Cajeta (Mexican caramel) tastes unlike any other caramel. This decadent and rick tasting caramel is indeed distinguishable because it’s made with goat’s milk and not cow’s milk. When I was a little girl I was at a friend’s house and she brought out a jar filled with this beautifully colored caramel and the image of a goat on the jar. As a kid I thought that was odd, a goat on a jar, but didn’t ask why. I distinctly remember sitting in her kitchen and eating Ritz cracker and cajeta sandwiches, one right after another. That was the first time I tasted cajeta and I loved it.
Fast forward several years later where I now live in Germany listening to my neighbor’s goat’s bahhhh in the distance and then I remembered the jar with the goat on it and of course my unforgettable first memory of cajeta. I’d read since then that one can make cajeta with fresh goat’s milk and that’s when it dawned on me that I should try and make some of my own. Is it possible? I asked myself. Not having a recipe in my repertoire I quickly googled cajeta and discovered all sorts of sites by, Homesick Texan, Rick Bayless, and A Chica Bakes claiming that it is indeed possible. I rushed over to Maggie the goat farmer who also owns the local neighborhood German restaurant Husarenhof and purchased some goat’s milk from her.
After about three attempts at different recipes I finally came up with a recipe that works for us. I decided to cut open a vanilla bean and adding the tiny beans instead of using vanilla extract. Oh my, so worth the added effort. This recipe is not difficult just time consuming, be prepared to watch over your pot and stir the cajeta for about one hour. It keeps for about two weeks in the fridge if you can keep it that long. After making a batch I put it into a couple of mason jars and enjoy it over everything and with anything: ice cream, strawberries, crepes, and my favorite, by the spoonful. My kids love it with bananas, grilled peaches, and with vanilla wafers as mini sandwiches.
Last week I made a fresh batch and my hubby and I had some with fresh strawberries for breakfast, while the kids were still sleeping. It was our little quiet moment and we felt like little kids being very naughty. Oh the simple guilty pleasures.
How do you like your cajeta? We’d love for you to leave us a comment and let us know.
- 4 cups goat’s milk divided
- 1 cup granulated sugar
- ½ teaspoon baking soda
- 1 vanilla bean
- In a bowl whisk the baking soda and ¼ cup of goat’s milk and set aside and reserve.
- Place the remainder of the goat’s milk and sugar in a deep pan, over medium heat and stir until the sugar dissolves. Stir occasionally until the milk begins to bubble, about 15 minutes.
- Remove from the heat and add the reserved milk with the baking soda. Milk may bubble slightly just keep stirring. And then put back over medium heat.
- Cut open the vanilla bean and add to the pot including the pod and cook for about 30 to 45 minutes, stirring occasionally so the sugar does not stick to the pan.

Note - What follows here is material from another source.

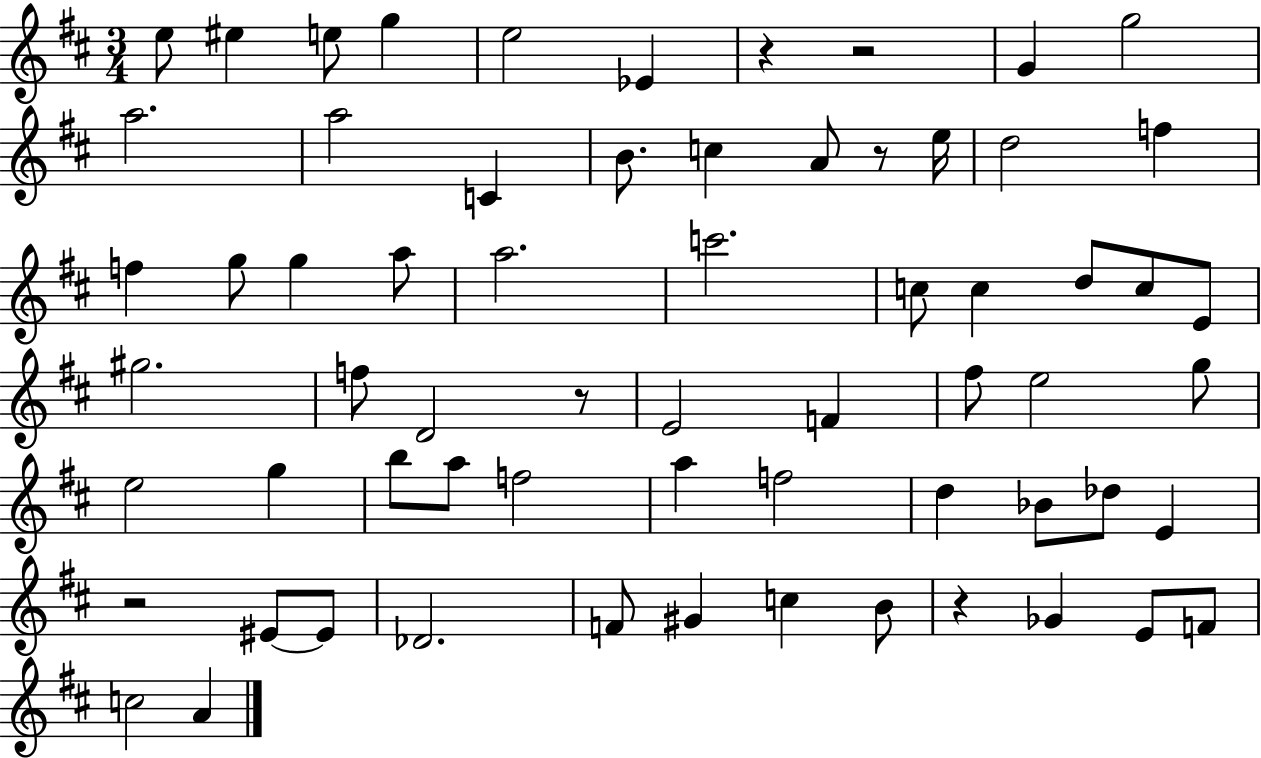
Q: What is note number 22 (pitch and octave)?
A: A5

- Once the caramel starts to thicken you need to watch closely, stirring almost constantly until desired consistency. You can now discard the pod.
- Once the back of the spoon is coated with cajeta and it sticks, the cajeta is ready. I like my cajeta a little thinner than normal, because it drizzles better. Once the cajeta sits in the refrigerator for awhile it may thicken slightly. I spoon out only what I plan to use into a ramekin and microwave for about 10 to 15 seconds.
- If your final cajeta becomes too thick add a few drops of water and stir to thin out.
- Note: Goat’s milk can be found at your local super market or specialty stores like Trader Joes or Whole Foods.